*** Opening of Supplied records ***

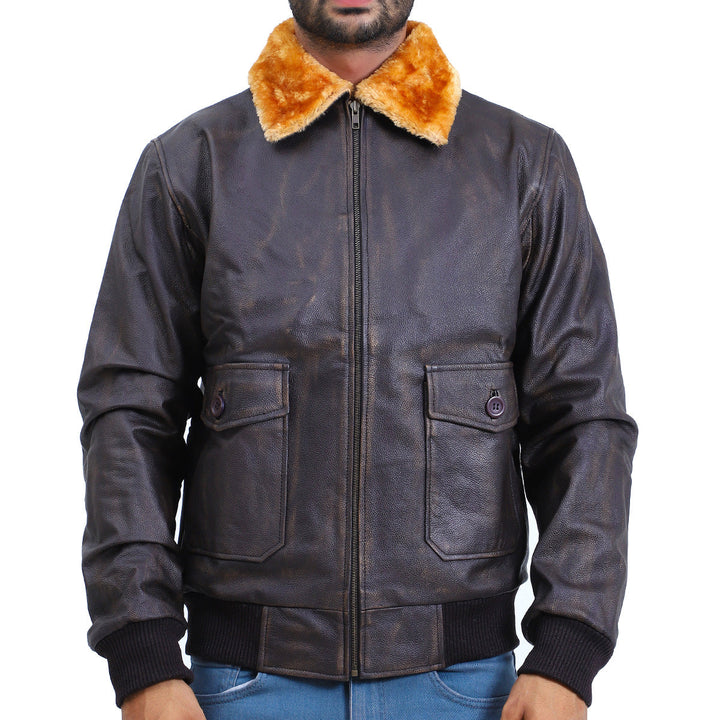 Men's Flight Aviator Bomber Brown Leather Jacket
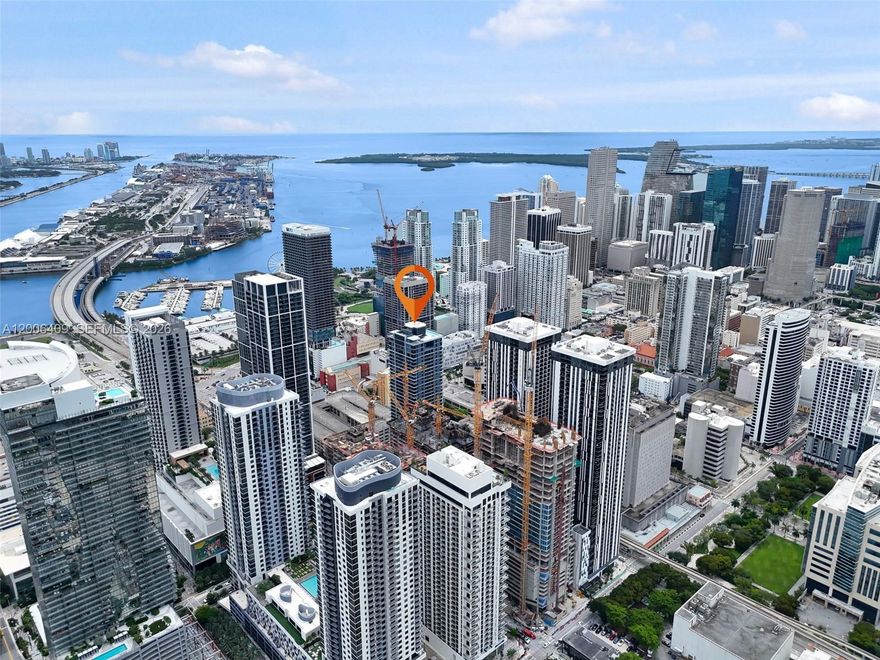 Modern, turnkey studio in brand new construction at 501 First Residences in Downtown Miami. 475 SF designer fully furnished and finished. No rental restrictions. Revenue the day you close. Floor-to-ceiling glass, private balcony, European cabinetry and appliances. In unit washer/dryer. Dedicated owners’ storage literally 5 steps from the unit’s front door. Luxury amenities include a 75-foot rooftop lap pool, hot tub, cold plunge, summer kitchen, a private rooftop theater, and three luxury coworking lounges in the building. 24-hour valet. Contactless package lockers. Prime location with Brickell, Bayside, Miami Worldcenter, Brightline, top dining and entertainment, Kaseya Center, Bayfront Park, Pérez Art Museum, and Frost Museum of Science all less than a 5-10 minute walk away. Ultimate short-term rental potential in one of Miami’s fastest-growing urban areas. This unit features an extra closet and larger tub/shower other studios in this building do not have.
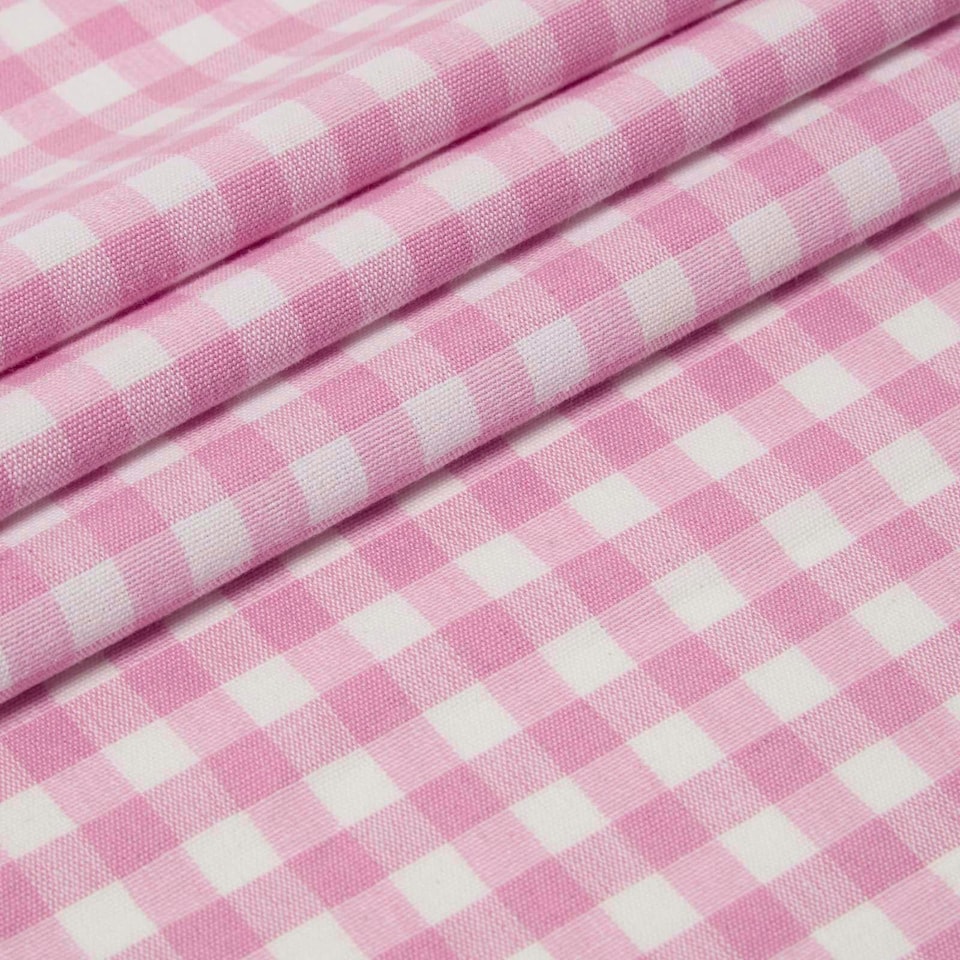 image 1 of Homescapes Pure Cotton Gingham Check Pink Fabric 150cm Wide Pink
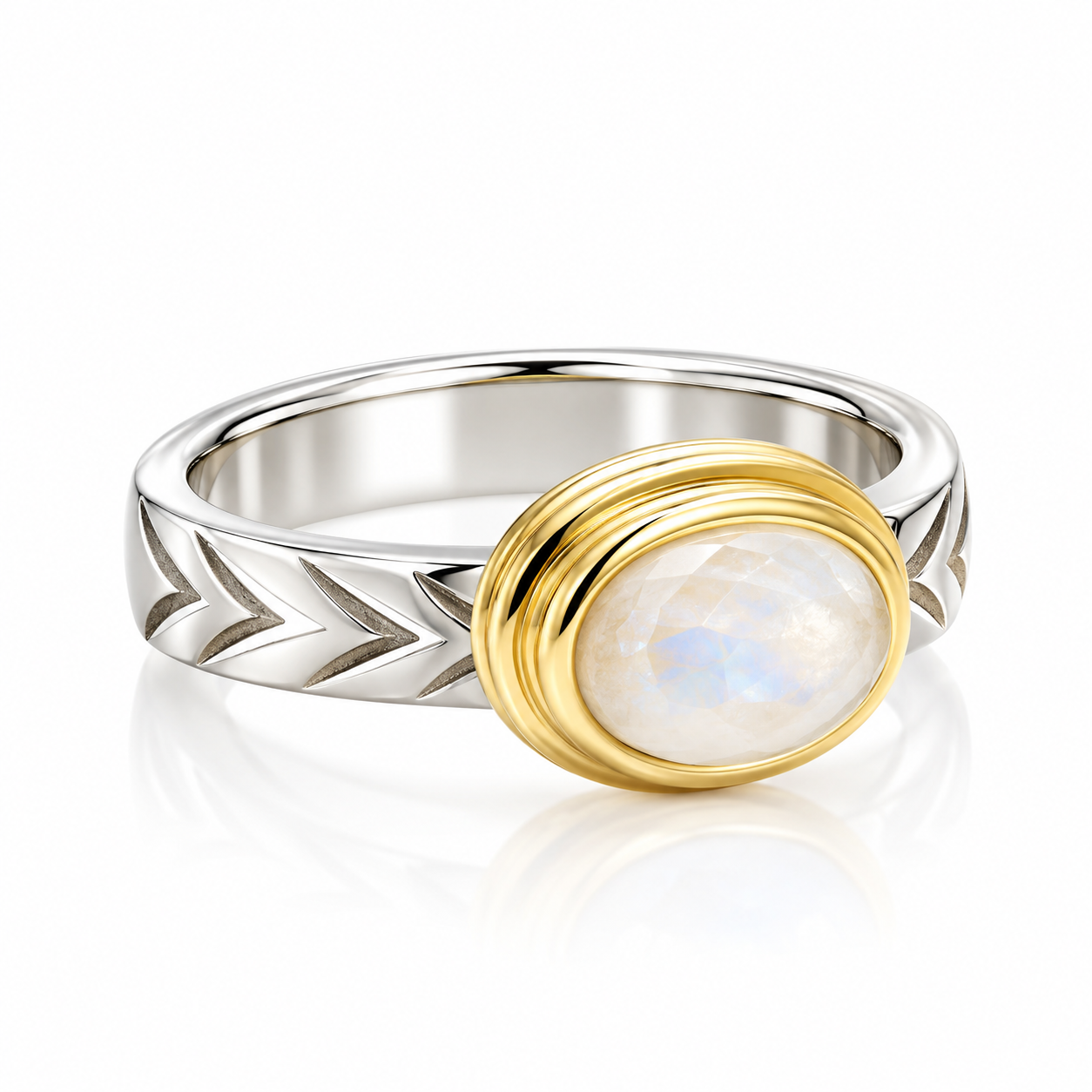 Oval Bezel Ring - Moonstone
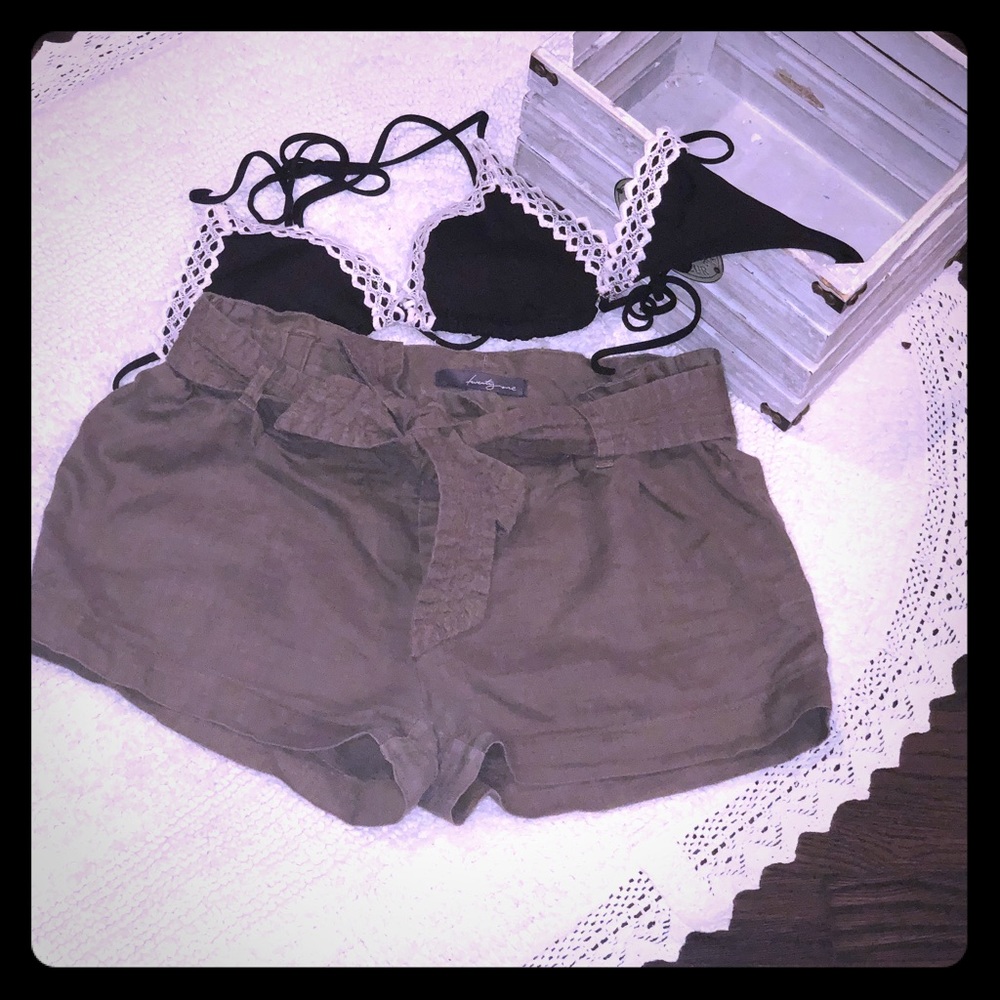 F21 Olive Green Front Tie Linen Shorts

*** Close of Supplied records ***

Exercise: Leaving images out, please output every line of the data exactly.

Response below:
 Men's Flight Aviator Bomber Brown Leather Jacket
 Modern, turnkey studio in brand new construction at 501 First Residences in Downtown Miami. 475 SF designer fully furnished and finished. No rental restrictions. Revenue the day you close. Floor-to-ceiling glass, private balcony, European cabinetry and appliances. In unit washer/dryer. Dedicated owners’ storage literally 5 steps from the unit’s front door. Luxury amenities include a 75-foot rooftop lap pool, hot tub, cold plunge, summer kitchen, a private rooftop theater, and three luxury coworking lounges in the building. 24-hour valet. Contactless package lockers. Prime location with Brickell, Bayside, Miami Worldcenter, Brightline, top dining and entertainment, Kaseya Center, Bayfront Park, Pérez Art Museum, and Frost Museum of Science all less than a 5-10 minute walk away. Ultimate short-term rental potential in one of Miami’s fastest-growing urban areas. This unit features an extra closet and larger tub/shower other studios in this building do not have.
 image 1 of Homescapes Pure Cotton Gingham Check Pink Fabric 150cm Wide Pink
 Oval Bezel Ring - Moonstone
 F21 Olive Green Front Tie Linen Shorts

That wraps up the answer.